Tuesday, 11 April 2000
Dáil Eireann Debate
388. Mr. Allen asked the Minister for Education and Science the number of children killed in the past ten years either boarding or leaving school buses; and if he will make a statement on the recent warning by the association of general practitioners on this matter. [10647/00]
417. Mr. Allen asked the Minister for Education and Science if he will introduce a flashing light system on school buses in view of the number of children killed either boarding or leaving those buses. [10599/00]
The information sought by the Deputy regarding the number of children killed either boarding or leaving school buses in the past ten years is being assembled and will be forwarded to him as soon as possible. The school transport section of my Department is not aware of a recent warning by the association of general practitioners regarding the matter, however, details will be sought and taken into account in relation to the question of safety matters.
A flashing lights system is in operation in the USA and Canada. Regulations in operation in those countries require all traffic, in both directions, to stop whenever school children are boarding or leaving school buses. This is facilitated by the fact that vehicles in those countries are built to a standard specification with regard to colour and advance warning systems.

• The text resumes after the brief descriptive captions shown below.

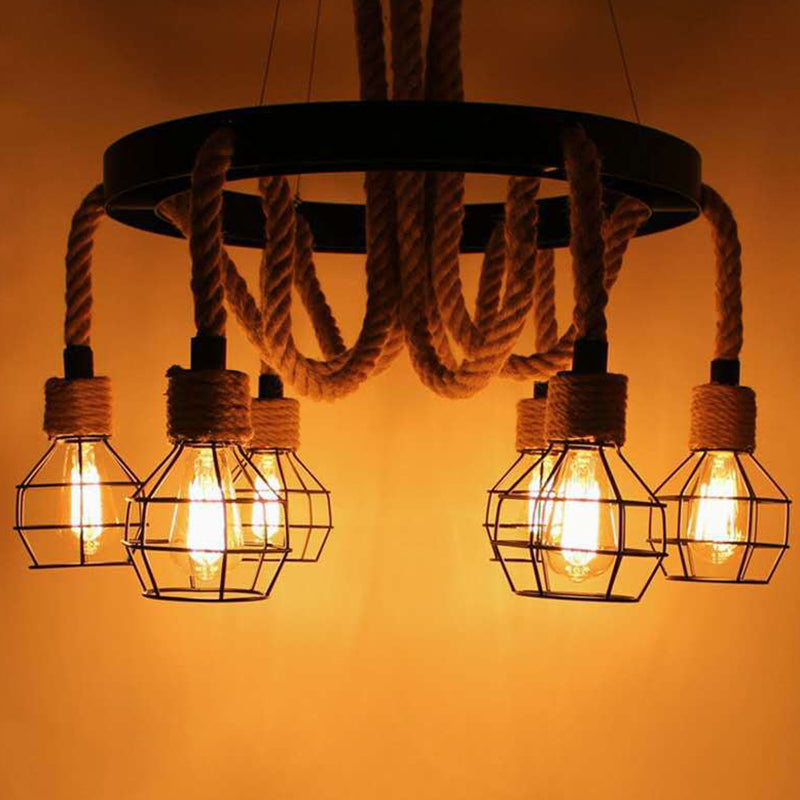 Cage Multi Drop Light Adats Industrial Metal Impiccing a sospensione per il ristorante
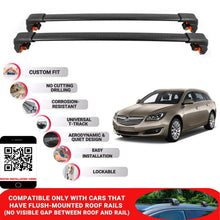 Premium Roof Bars For Opel insignia Estate 2008-2017 Secure Roof Rack Cross Bar 2 Pcss Black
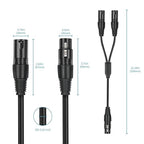 2 Pack XLR Y Splitter, 1.5FT XLR Female to Dual Male, Balanced Mic Audio Cables for Stereo Mic to L&R Audio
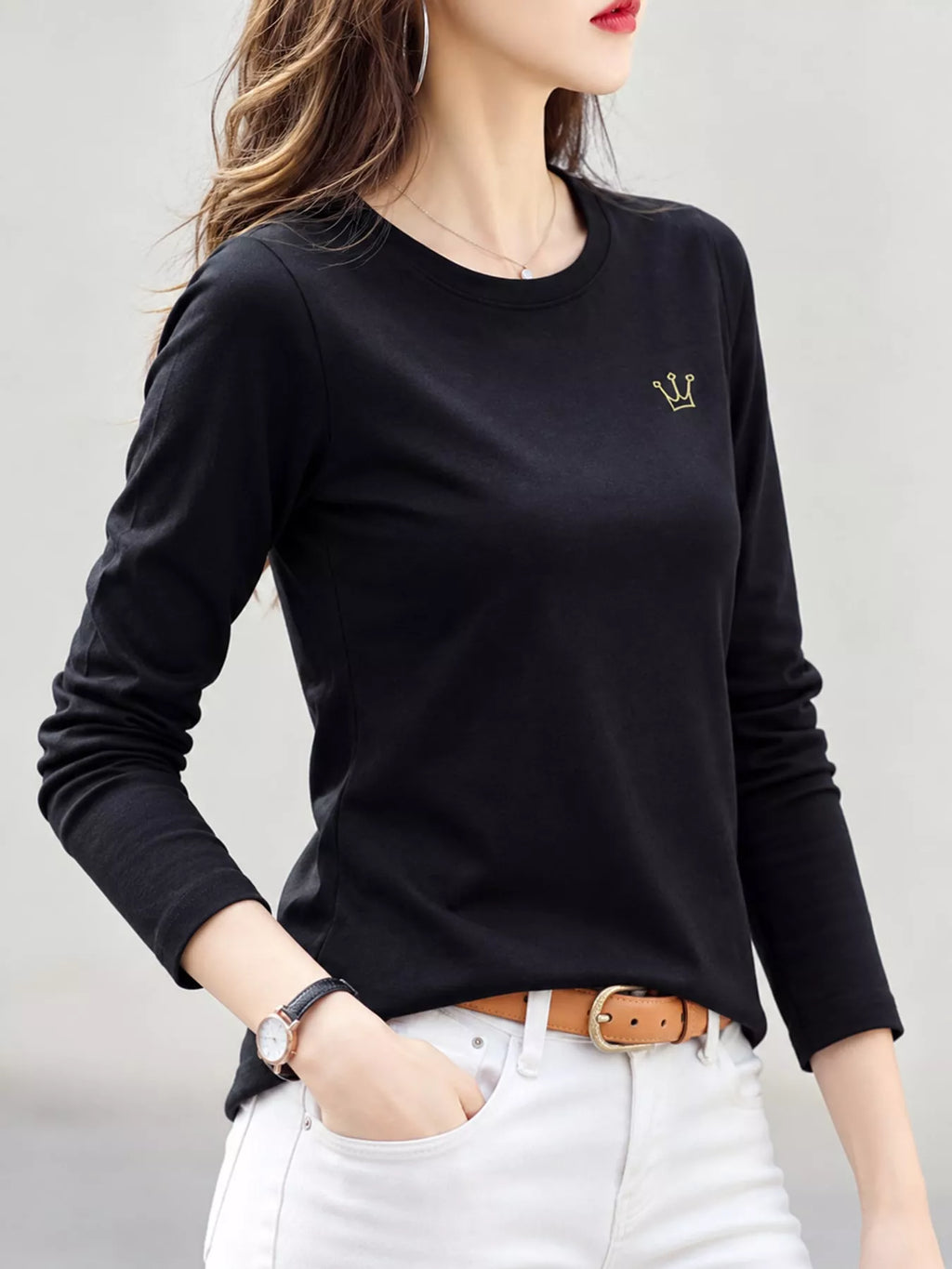 Full Size Crown Long Sleeve T-Shirt Plus Size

My Department and Bus Éireann previously looked into the possibility of introducing such a system in Ireland, but found that there are a number of disadvantages which make it difficult to apply that system to school bus operators in this country. Vehicles operating on school transport in this country consist of various types and sizes, ranging from cars to coaches and a large number of pupils are carried on public scheduled services. A high proportion of school buses are provided by private contractors engaged by Bus Éireann and in addition are used for other passenger services. Confusion could arise among road users if some vehicles used by school children have flashing lights, and others have not. A disadvantage is the traffic chaos that could result if other vehicles are not permitted to pass a school bus, especially in urban areas and at peak times. This could render the current situation more hazardous. The safety drill for this would be contrary to long standing safety instructions familiar to Irish pupils. Under current safety instructions, pupils should wait until the school bus has moved off before attempting to cross the road.

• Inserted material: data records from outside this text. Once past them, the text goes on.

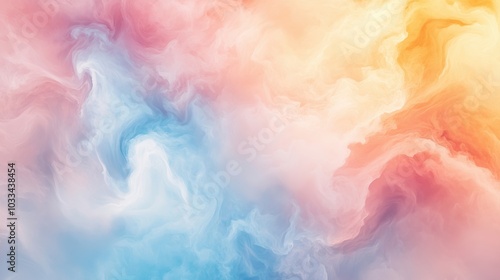 Colorful abstract swirl background, soft pastel hues, fluid art, dreamy atmosphere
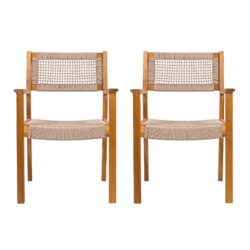 Outdoor Dining Chair (Set of 2), Patio Chairs, Teak Acacia Wood - Light Brown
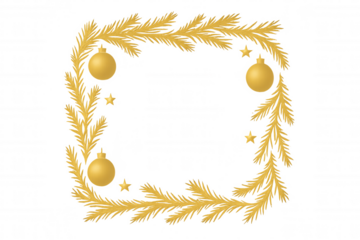Golden christmas spruce branches creating a festive square frame with baubles and stars on transparent background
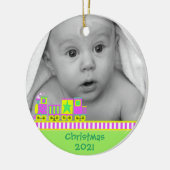 Baby's eerste kerstversiering keramisch ornament (Links)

Designated vehicles, owned by both Bus Éireann and contractors, are fitted with signs to identify them as school buses, that is the international symbol for school children. Every effort is made to highlight safety aspects. The need for care and the observance of safety rules are continuously emphasised to pupils, parents and teachers, and safety campaigns are undertaken regularly. On school bus tickets, Bus Éireann list the safety rules to be followed before joining, en route and after alighting from the bus. School principals are requested to speak to pupils on the topic of safety on a regular basis, and special leaflets are distributed from time to time, to all pupils on transport.
Instructions to school bus drivers emphasise the importance of safety and includes a special instruction to constantly remind pupils to exercise the greatest care in crossing roads when boarding or alighting from school buses. In addition, a  safety notice is placed at exit doors as a reminder to pupils as they leave the bus.
The whole question of safety in relation to school buses, including the question of flashing lights, will be examined again, in the context of the examination of the report of the joint Oireachtas committee on school transport.